SARATOGA SPRINGS -- Something stinks in Saratoga Springs, and residents say it's coming from a local dump. Health investigators are getting to the bottom of it by sampling the air at the Peck Rock Landfill. On Wednesday they announced what's in the noxious fumes, and on Thursday they plan to sample the air inside people's homes.
Residents on the west side of Utah Lake started smelling something foul a couple of weeks ago. City offices have been getting a barrage of complaints.
"It's bitter, and it smells like, I don't know, kind of chemically," said Linda Sant who is temporarily living nearby with her grandchildren.
About a hundred yards away from the home Sant is living in, landfill workers are sifting some very old trash to get to the bottom of the stench. It's construction debris, legally dumped in the commercial landfill and buried under dirt several years ago. Lately, the stink has been waking up residents like Linda Sant's grandchildren.

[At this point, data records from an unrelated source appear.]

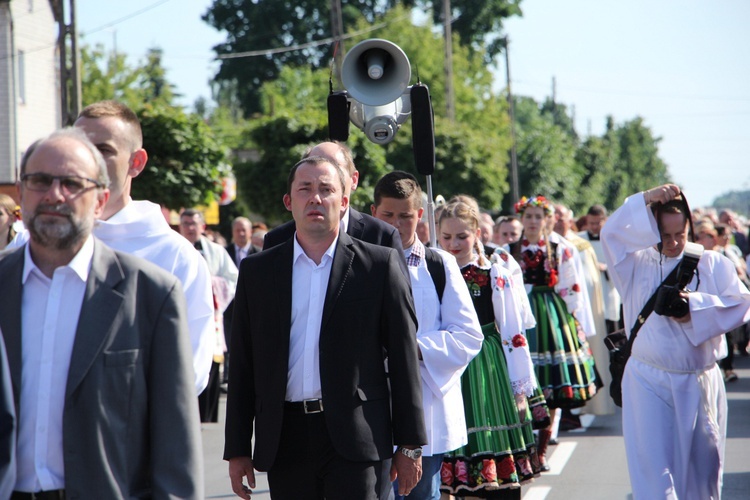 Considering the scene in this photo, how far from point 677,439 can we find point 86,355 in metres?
4.13

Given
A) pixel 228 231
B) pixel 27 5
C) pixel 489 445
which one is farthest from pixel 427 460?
pixel 228 231

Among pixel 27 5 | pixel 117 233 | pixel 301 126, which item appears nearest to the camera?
pixel 117 233

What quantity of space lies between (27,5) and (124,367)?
99.3 ft

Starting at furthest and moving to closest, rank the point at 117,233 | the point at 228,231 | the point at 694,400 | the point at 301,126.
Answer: the point at 228,231 < the point at 301,126 < the point at 694,400 < the point at 117,233

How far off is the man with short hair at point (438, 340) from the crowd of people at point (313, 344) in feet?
0.04

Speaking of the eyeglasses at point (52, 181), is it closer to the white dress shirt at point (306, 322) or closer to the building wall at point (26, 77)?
the white dress shirt at point (306, 322)

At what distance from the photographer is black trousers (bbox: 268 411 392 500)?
428 cm

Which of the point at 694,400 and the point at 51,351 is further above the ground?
the point at 51,351

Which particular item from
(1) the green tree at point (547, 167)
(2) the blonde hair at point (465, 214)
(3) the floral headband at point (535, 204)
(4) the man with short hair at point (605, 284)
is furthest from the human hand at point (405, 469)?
(1) the green tree at point (547, 167)

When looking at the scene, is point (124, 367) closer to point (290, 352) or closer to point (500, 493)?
point (290, 352)

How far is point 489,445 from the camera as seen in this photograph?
21.3 ft

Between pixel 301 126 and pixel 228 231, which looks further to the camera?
pixel 228 231

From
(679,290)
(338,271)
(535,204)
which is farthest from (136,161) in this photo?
(535,204)

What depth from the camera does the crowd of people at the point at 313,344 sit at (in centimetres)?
294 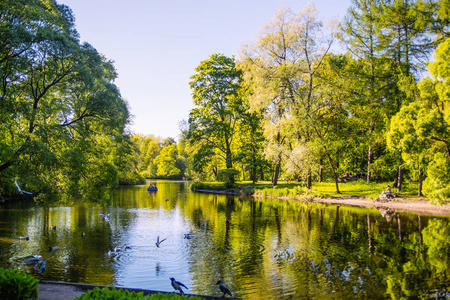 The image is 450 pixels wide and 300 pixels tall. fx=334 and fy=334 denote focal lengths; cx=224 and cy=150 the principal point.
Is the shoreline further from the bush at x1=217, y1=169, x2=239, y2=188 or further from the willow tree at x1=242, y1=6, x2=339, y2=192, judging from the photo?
the bush at x1=217, y1=169, x2=239, y2=188

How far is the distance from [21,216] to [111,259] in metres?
14.3

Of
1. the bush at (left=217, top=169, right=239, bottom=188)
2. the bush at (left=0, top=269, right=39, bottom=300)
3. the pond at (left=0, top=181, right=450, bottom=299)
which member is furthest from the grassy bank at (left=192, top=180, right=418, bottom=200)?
the bush at (left=0, top=269, right=39, bottom=300)

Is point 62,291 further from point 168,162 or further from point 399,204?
point 168,162

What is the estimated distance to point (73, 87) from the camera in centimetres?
2070

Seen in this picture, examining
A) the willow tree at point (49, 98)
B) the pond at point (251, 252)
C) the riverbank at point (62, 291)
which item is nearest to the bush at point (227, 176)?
the pond at point (251, 252)

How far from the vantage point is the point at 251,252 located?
596 inches

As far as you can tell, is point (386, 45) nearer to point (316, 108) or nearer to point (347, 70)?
point (347, 70)

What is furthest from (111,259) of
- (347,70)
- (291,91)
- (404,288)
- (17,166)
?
(347,70)

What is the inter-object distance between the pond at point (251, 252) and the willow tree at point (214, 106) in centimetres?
2347

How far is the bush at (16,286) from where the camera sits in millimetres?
7133

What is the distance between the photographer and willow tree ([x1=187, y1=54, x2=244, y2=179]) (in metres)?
48.5

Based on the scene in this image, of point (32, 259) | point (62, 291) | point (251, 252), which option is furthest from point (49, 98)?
point (251, 252)

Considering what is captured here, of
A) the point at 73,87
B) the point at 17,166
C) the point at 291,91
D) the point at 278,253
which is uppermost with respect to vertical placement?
the point at 291,91

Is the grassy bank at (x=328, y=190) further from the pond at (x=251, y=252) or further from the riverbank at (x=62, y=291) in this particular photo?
the riverbank at (x=62, y=291)
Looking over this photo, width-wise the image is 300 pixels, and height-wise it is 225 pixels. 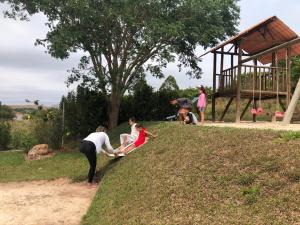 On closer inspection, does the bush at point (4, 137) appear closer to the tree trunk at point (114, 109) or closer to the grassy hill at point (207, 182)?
the tree trunk at point (114, 109)

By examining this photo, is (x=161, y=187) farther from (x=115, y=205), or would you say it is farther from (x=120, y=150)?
(x=120, y=150)

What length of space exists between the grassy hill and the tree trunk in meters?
8.59

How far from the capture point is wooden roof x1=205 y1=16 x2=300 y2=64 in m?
16.8

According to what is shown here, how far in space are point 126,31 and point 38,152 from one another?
551 cm

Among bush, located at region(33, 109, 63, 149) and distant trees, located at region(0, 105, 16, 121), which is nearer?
bush, located at region(33, 109, 63, 149)

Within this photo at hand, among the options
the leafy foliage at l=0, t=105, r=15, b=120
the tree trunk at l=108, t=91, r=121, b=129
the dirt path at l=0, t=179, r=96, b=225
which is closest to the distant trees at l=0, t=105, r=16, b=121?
the leafy foliage at l=0, t=105, r=15, b=120

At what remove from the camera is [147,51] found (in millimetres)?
18000

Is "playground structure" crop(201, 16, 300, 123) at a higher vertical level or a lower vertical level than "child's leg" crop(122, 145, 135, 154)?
higher

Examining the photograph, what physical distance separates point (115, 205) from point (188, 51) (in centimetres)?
1178

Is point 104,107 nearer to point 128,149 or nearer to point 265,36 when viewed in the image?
point 265,36

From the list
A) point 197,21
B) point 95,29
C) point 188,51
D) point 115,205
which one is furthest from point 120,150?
point 188,51

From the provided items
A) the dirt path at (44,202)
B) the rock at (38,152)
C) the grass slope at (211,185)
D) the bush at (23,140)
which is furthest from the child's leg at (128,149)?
the bush at (23,140)

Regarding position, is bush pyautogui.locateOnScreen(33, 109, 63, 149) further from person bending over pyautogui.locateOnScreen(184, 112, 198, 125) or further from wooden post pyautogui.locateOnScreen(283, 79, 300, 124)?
wooden post pyautogui.locateOnScreen(283, 79, 300, 124)

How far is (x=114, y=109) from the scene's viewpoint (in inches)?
757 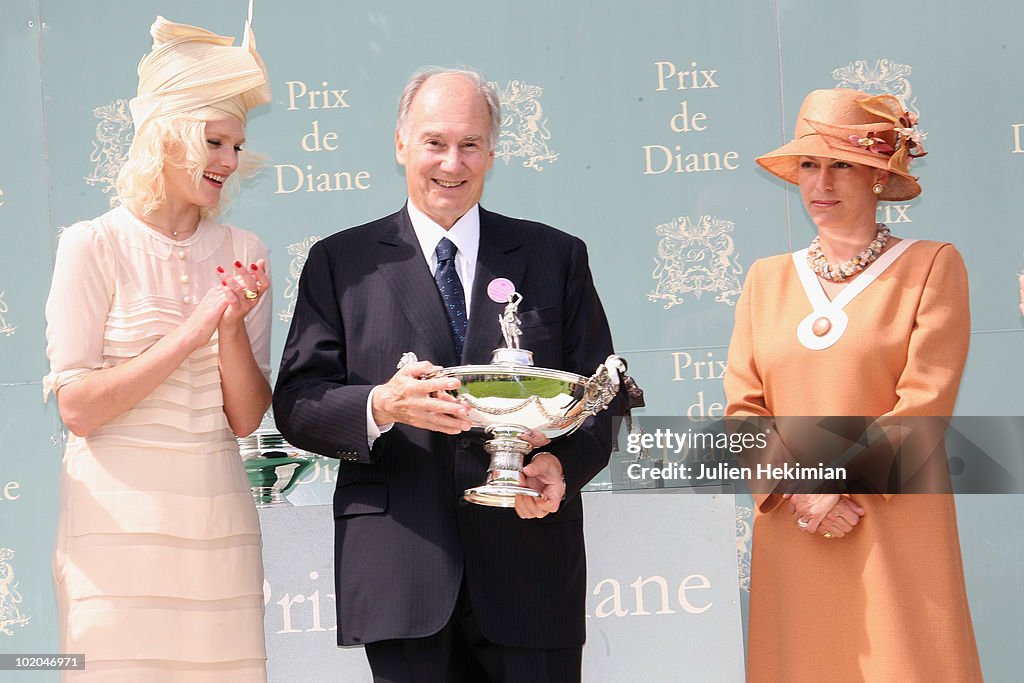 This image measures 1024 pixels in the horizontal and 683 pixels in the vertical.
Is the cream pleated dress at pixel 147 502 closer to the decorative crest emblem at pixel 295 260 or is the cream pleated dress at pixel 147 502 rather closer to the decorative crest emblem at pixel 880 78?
the decorative crest emblem at pixel 295 260

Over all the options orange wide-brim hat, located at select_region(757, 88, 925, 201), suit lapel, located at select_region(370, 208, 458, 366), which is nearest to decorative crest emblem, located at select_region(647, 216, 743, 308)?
orange wide-brim hat, located at select_region(757, 88, 925, 201)

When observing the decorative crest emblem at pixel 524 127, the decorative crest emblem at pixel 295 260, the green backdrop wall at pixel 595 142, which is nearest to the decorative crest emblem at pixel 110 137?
the green backdrop wall at pixel 595 142

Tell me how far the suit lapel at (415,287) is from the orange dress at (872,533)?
861 millimetres

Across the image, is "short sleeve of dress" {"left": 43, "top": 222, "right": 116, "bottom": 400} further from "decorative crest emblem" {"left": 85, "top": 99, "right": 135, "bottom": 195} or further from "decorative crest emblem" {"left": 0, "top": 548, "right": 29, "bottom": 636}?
"decorative crest emblem" {"left": 0, "top": 548, "right": 29, "bottom": 636}

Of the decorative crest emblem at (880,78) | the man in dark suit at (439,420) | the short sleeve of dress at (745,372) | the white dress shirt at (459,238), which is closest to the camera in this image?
the man in dark suit at (439,420)

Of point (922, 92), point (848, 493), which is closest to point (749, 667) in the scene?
point (848, 493)

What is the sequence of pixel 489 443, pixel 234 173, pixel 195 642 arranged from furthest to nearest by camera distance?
pixel 234 173 → pixel 195 642 → pixel 489 443

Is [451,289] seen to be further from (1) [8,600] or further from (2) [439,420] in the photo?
(1) [8,600]

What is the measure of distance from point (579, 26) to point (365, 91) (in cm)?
80

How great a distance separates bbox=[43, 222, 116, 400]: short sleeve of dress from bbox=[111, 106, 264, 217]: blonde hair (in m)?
0.13

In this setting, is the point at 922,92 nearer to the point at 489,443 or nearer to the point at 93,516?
the point at 489,443

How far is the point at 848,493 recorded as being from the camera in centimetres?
289

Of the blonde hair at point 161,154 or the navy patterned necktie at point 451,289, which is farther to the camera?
the blonde hair at point 161,154

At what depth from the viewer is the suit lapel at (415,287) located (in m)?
2.53
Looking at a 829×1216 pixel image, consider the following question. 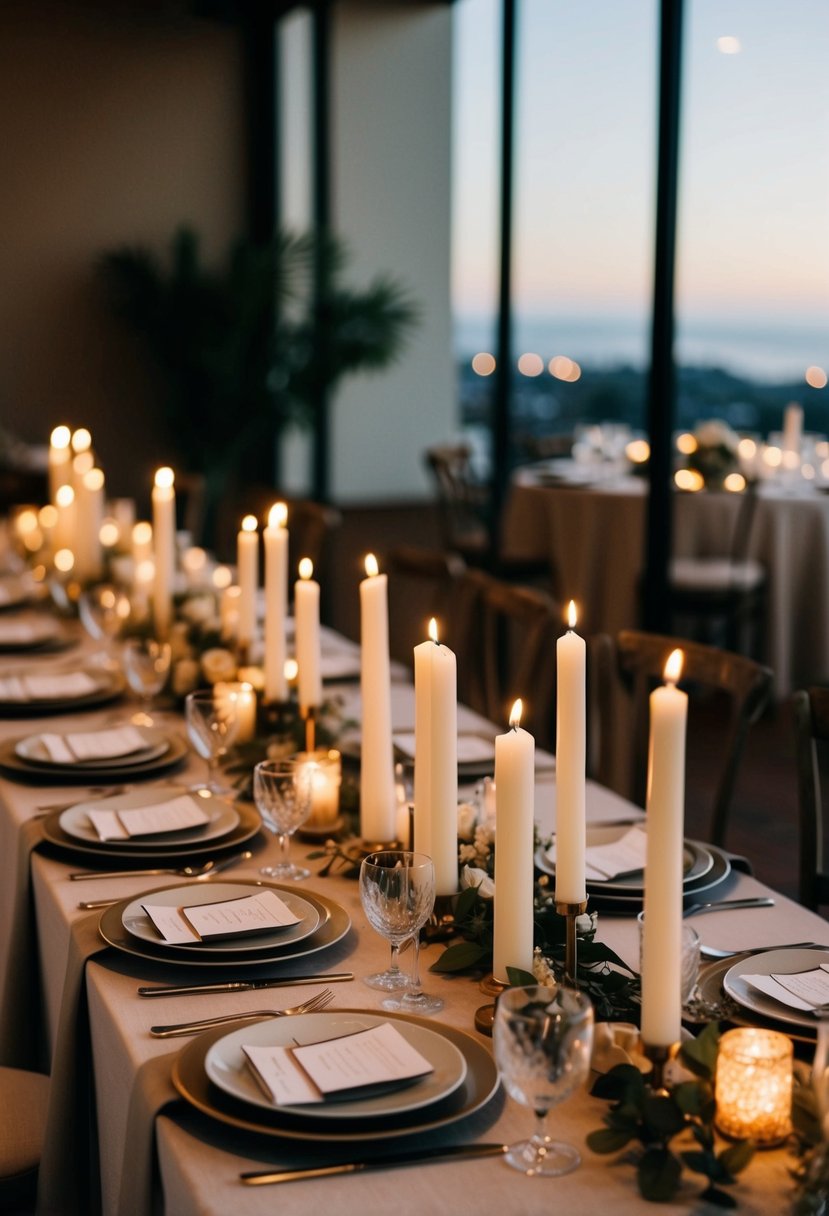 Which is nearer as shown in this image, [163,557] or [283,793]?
[283,793]

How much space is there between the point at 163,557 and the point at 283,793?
4.04 ft

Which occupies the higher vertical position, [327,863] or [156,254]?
[156,254]

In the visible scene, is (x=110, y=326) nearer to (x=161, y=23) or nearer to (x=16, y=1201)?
(x=161, y=23)

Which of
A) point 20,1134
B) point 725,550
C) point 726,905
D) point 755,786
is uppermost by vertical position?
point 726,905

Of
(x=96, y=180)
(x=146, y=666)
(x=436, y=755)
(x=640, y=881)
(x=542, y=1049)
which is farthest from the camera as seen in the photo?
(x=96, y=180)

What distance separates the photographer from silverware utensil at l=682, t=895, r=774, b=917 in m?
1.65

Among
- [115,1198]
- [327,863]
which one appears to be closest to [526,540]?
[327,863]

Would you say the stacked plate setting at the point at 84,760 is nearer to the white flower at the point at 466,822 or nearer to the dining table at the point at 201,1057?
the dining table at the point at 201,1057

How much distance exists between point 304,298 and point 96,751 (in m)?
5.75

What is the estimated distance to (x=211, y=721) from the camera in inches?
78.2

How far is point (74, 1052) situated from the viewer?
1.48 meters

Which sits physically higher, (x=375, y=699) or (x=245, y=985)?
(x=375, y=699)

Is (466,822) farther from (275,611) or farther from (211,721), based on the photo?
(275,611)

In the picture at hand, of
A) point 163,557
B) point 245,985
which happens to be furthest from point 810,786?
point 163,557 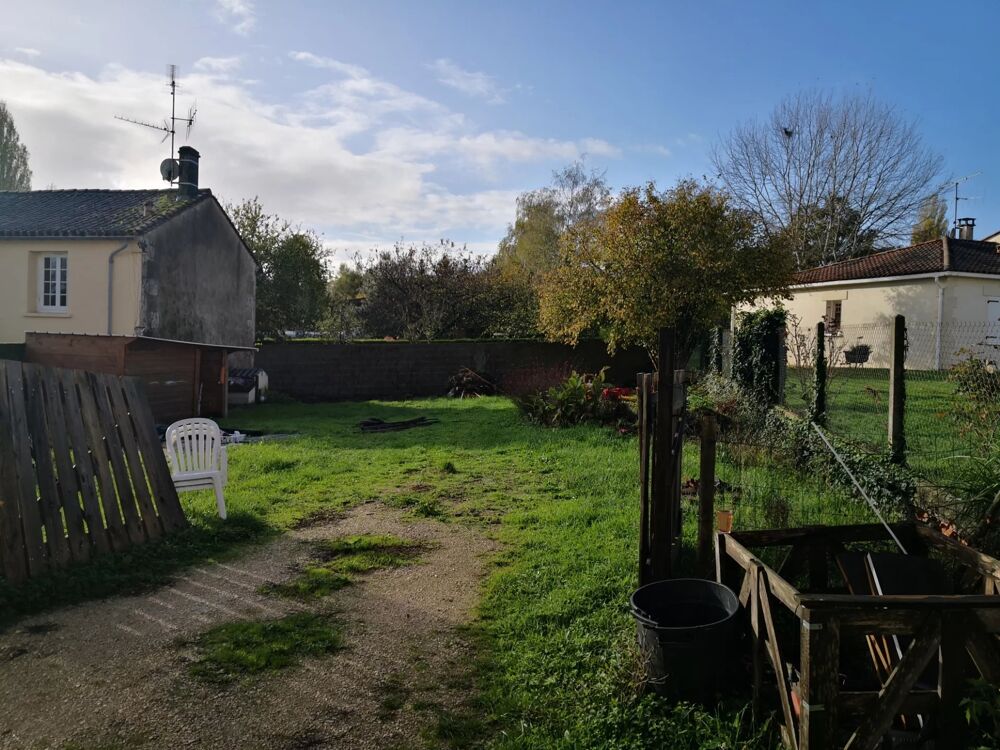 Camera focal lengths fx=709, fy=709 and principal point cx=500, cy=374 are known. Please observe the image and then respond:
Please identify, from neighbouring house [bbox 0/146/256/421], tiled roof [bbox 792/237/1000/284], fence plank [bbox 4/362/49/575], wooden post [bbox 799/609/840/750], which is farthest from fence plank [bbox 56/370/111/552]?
tiled roof [bbox 792/237/1000/284]

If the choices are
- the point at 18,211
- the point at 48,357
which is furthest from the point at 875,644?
the point at 18,211

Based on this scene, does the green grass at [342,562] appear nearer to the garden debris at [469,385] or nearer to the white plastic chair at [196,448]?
the white plastic chair at [196,448]

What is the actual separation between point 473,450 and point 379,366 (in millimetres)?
11401

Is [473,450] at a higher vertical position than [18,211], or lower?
lower

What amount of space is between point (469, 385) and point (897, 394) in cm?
1565

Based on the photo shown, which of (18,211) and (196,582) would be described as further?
(18,211)

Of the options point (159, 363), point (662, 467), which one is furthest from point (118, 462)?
point (159, 363)

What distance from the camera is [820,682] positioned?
276 cm

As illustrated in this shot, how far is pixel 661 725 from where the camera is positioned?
3.18 meters

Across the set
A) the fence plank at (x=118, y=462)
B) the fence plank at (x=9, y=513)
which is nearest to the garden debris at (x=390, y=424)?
the fence plank at (x=118, y=462)

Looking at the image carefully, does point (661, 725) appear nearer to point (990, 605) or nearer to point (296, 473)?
point (990, 605)

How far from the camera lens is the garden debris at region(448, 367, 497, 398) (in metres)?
21.1

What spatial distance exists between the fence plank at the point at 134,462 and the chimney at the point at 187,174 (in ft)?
51.3

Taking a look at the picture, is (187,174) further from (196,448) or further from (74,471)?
(74,471) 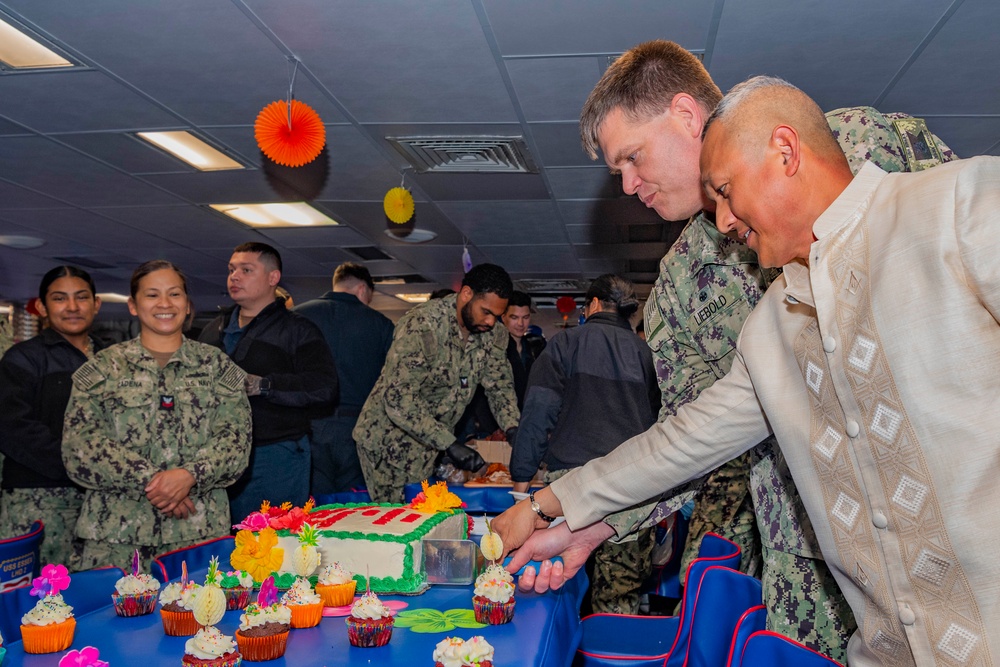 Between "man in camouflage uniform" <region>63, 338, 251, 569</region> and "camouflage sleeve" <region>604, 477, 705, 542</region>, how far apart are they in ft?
4.84

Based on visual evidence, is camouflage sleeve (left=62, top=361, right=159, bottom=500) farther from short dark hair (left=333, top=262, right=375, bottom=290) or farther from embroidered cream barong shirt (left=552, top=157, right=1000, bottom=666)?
short dark hair (left=333, top=262, right=375, bottom=290)

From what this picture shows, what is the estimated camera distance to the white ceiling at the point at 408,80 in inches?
136

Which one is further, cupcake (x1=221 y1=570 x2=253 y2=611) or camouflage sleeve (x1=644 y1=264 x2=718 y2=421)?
camouflage sleeve (x1=644 y1=264 x2=718 y2=421)

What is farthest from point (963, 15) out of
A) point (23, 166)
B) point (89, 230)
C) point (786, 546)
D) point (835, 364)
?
point (89, 230)

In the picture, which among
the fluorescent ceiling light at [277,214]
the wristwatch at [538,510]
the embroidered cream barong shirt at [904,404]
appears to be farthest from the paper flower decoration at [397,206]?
the embroidered cream barong shirt at [904,404]

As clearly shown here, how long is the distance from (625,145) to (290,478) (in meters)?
2.28

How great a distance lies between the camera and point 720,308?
5.93 ft

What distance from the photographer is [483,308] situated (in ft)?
13.1

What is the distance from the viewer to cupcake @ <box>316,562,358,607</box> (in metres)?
1.59

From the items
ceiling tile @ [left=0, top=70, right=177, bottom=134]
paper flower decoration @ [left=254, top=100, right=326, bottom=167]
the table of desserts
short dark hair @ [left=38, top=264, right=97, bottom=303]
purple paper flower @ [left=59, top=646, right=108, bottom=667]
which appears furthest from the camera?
ceiling tile @ [left=0, top=70, right=177, bottom=134]

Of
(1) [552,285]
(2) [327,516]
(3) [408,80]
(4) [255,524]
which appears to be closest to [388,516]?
(2) [327,516]

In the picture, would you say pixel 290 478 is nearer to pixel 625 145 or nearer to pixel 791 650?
pixel 625 145

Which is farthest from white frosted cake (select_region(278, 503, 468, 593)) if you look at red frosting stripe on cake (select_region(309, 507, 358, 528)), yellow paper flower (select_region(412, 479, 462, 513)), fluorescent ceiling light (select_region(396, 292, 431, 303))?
fluorescent ceiling light (select_region(396, 292, 431, 303))

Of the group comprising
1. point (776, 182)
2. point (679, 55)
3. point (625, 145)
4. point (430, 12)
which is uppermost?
point (430, 12) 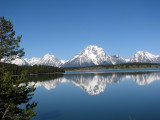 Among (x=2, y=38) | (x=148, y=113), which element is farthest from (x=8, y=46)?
(x=148, y=113)

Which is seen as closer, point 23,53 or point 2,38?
point 2,38

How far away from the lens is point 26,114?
52.0 ft

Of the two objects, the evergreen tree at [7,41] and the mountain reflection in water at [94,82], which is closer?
the evergreen tree at [7,41]

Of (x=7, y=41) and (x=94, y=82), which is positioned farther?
(x=94, y=82)

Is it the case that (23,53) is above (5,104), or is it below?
above

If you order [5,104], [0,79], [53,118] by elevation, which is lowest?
[53,118]

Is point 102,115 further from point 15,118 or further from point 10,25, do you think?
point 10,25

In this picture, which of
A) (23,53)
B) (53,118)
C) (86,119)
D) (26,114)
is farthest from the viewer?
(23,53)

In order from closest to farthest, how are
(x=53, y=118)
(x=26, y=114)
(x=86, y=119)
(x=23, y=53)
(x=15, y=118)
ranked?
(x=15, y=118) < (x=26, y=114) < (x=86, y=119) < (x=53, y=118) < (x=23, y=53)

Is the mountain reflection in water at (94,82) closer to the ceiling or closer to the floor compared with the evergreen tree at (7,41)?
closer to the floor

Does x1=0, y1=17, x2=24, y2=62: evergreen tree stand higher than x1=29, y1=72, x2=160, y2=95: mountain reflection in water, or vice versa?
x1=0, y1=17, x2=24, y2=62: evergreen tree

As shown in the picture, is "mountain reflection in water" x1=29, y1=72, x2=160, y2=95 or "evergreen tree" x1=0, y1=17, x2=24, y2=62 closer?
"evergreen tree" x1=0, y1=17, x2=24, y2=62

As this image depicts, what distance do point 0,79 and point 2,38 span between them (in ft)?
51.5

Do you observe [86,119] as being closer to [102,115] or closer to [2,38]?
[102,115]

"It's been kind of rough handling the breathing," Sant said. "I have congestive heart failure, so I've really felt it, but the kids start coughing about 5 o'clock in the morning and have trouble going to sleep."
The stench comes and goes, and hits some homes hard, others not so bad.
"Hasn't been too much," said Mike Hirschi who lives in one of the homes close to the dump. "Mostly it's just in the mornings or evenings, and it smells like brush fire."
It apparently is a fire, even though there are no flames and, only occasionally, smoke. Investigators believe construction debris caught fire underground, probably from spontaneous combustion, and is slowly smoldering. Landfill operators have spent days digging up the fire and putting it out.
"What's burning is wood, plastics and things that are common in this landfill," said Matt Sullivan of the Utah Department of Environmental Quality.
Air sampling reveals a nasty stew of chemicals emanating from the dump, exactly what is expected when wood and plastics burn. Eight chemicals were found in the air:
- methyl chloride
- methylene chloride
The chemicals are in low concentrations and disperse quickly, so toxicologists don't believe they're a threat to human health, but they plan more testing to be sure.
Sant said, "My concern is, how is this affecting my grandchildren long-term, you know, to breath this every night?"
Those chemicals are potentially toxic; some are known to cause cancer, but the state does not consider the situation an emergency because no one lives right on top of the dump.
Sullivan said, "What we plan to do is, with the EPA (Environmental Protection Agency), is to go to the neighborhood and into some of the homes and actually sample there. The concern is what's in the air there and is that a problem or not?"
The EPA is bringing in a truckload of equipment from Denver. They expect to begin in-home air sampling Thursday.